Montopoli went on to report that Pelley said: "His team tried hard to find a respected scientist who contradicted the prevailing opinion in the scientific community, but there was no one out there who fit that description" and then quoted Pelley arrogantly insisting: "This isn't about politics or pseudo-science or conspiracy theory blogs. This is about sound science."


>> Misinformed Ground Zero Mosque Opponents Whip Up 'A Fury'

In a September 26, 2010 60 Minutes story that gave a glowing portrayal of the real estate developer and imam behind the Ground Zero mosque, Pelley also used the opportunity to smear opponents of the project: "...a national controversy with anger, passion, and more than a little misinformation. Opponents whipped up a fury, calling the project a grotesque mega-mosque tied to terrorism."  

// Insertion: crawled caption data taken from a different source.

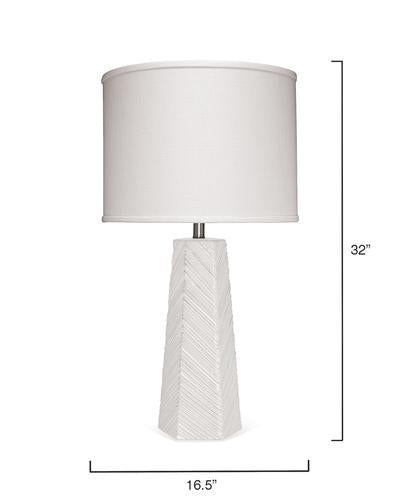 Jamie Young High Rise Table Lamp In Cream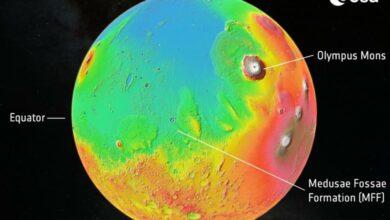 Photo of Hallan agua congelada en Marte 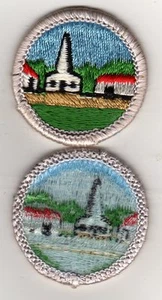 Citiz. en el Comm. (Versión gruesa.) Insignia M. Tipo H, Versión Trasera Azul (años 70) - Imagen 1 de 1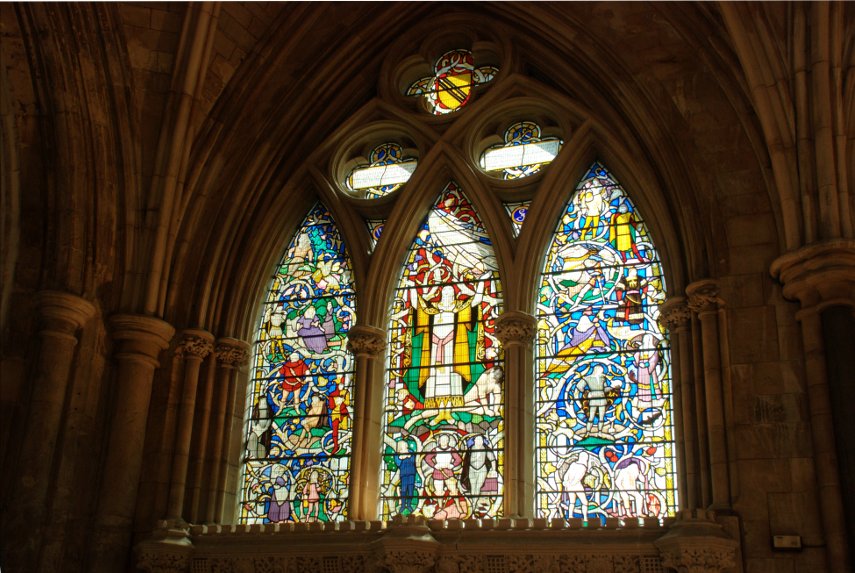 The Shakespeare Window, Southwark Cathedral, Southwark, London, England, Great Britain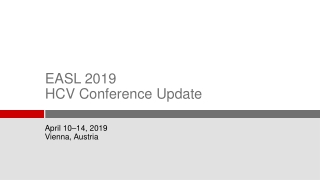 EASL 2019 HCV Conference Update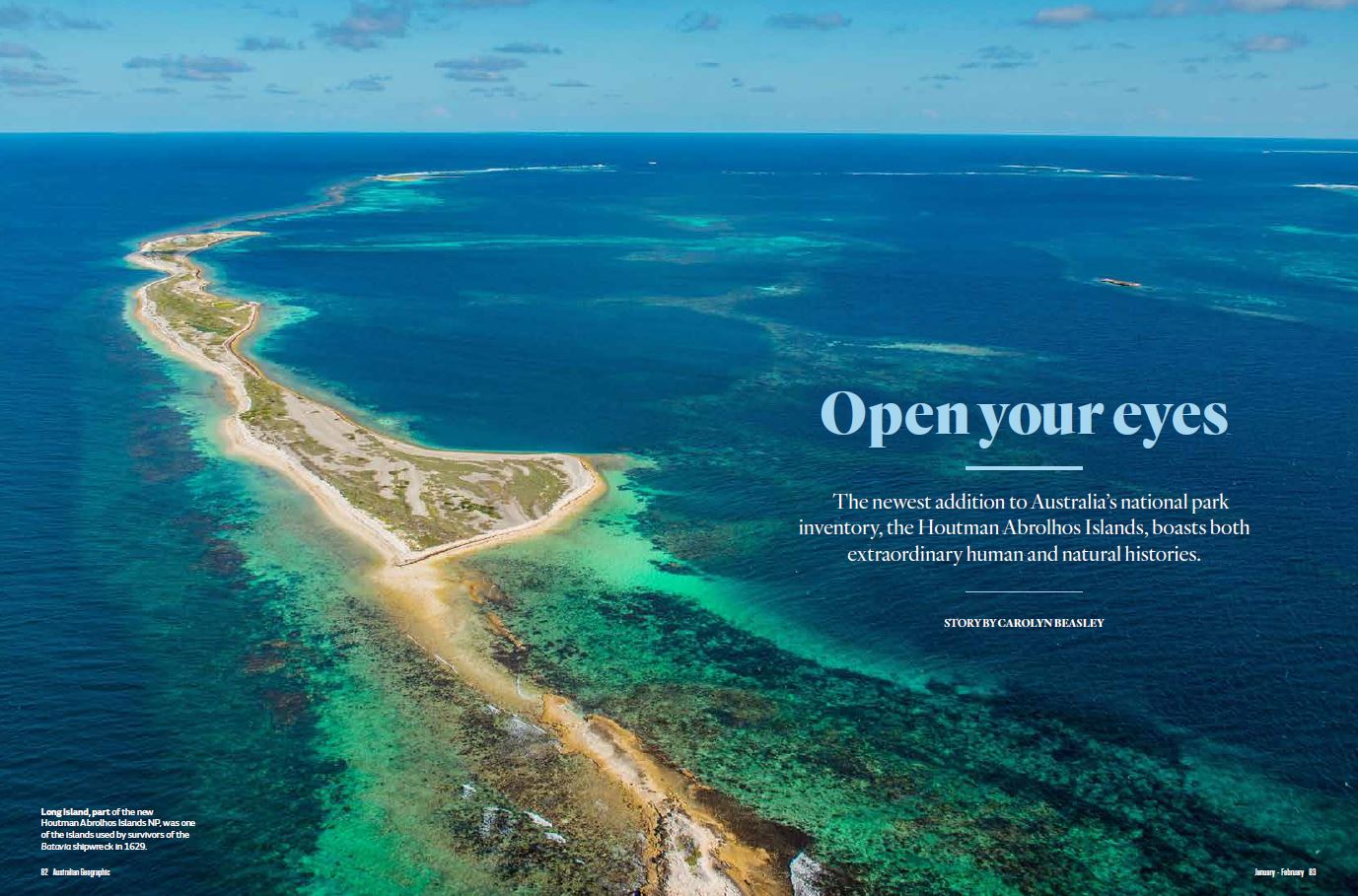 Australian Geographic - Abrolhos Islands feature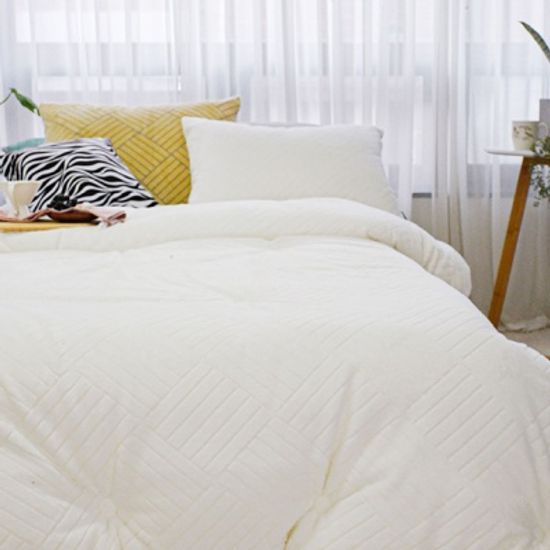 모크 극세사 겨울 차렵이불 침구세트 모노 - 2컬러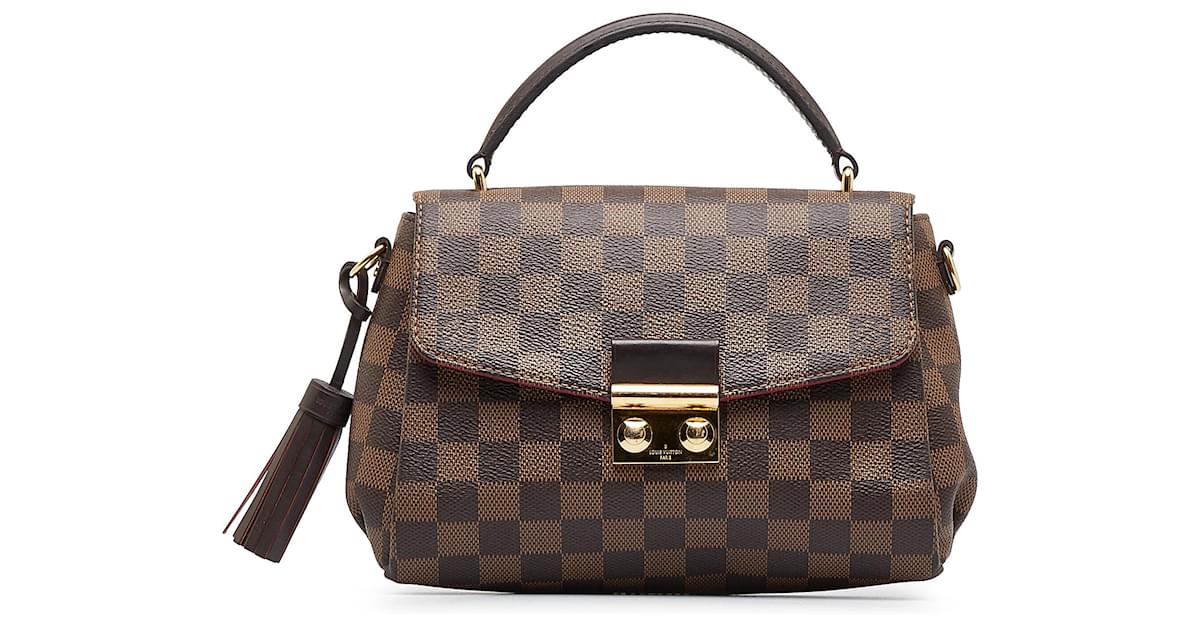 Louis Vuitton Brown 2017 Damier Ebene Croisette Cloth ref.966333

>> CBS's America Under Bush:Depression-Era Food Lines       

Back on the January 8, 2003 60 Minutes II, over video of a long line of people in Marietta, Ohio, Pelley ominously intoned: "The lines we found looked like they'd been taken from the pages of the Great Depression. It's not just the unemployed, we found plenty of people working full time but still not able to earn enough to keep hunger out the house. If you think you have a good idea of who's hungry in America today, come join the line. You'd never guess who you'd meet there."

Pelley's emotions-over-facts style of reporting included this line: "Pre- schoolers come here with their parents and play in boxes as empty as the day's want ads." Pelley asked, "When you look at this line, what do you see?" And answered the question himself: "You know what I see? Some pretty average looking Americans."

>> Republicans Just Like Timothy McVeigh

On the January 2, 1996 edition of CBS Evening News, Pelley perhaps overdramatized the impact of the government shutdown when he opened his story this way: "In April, terrorists tried to kill them. Today politicians stopped their paychecks. In Oklahoma City's Social Security office, they're being ordered to work for nothing."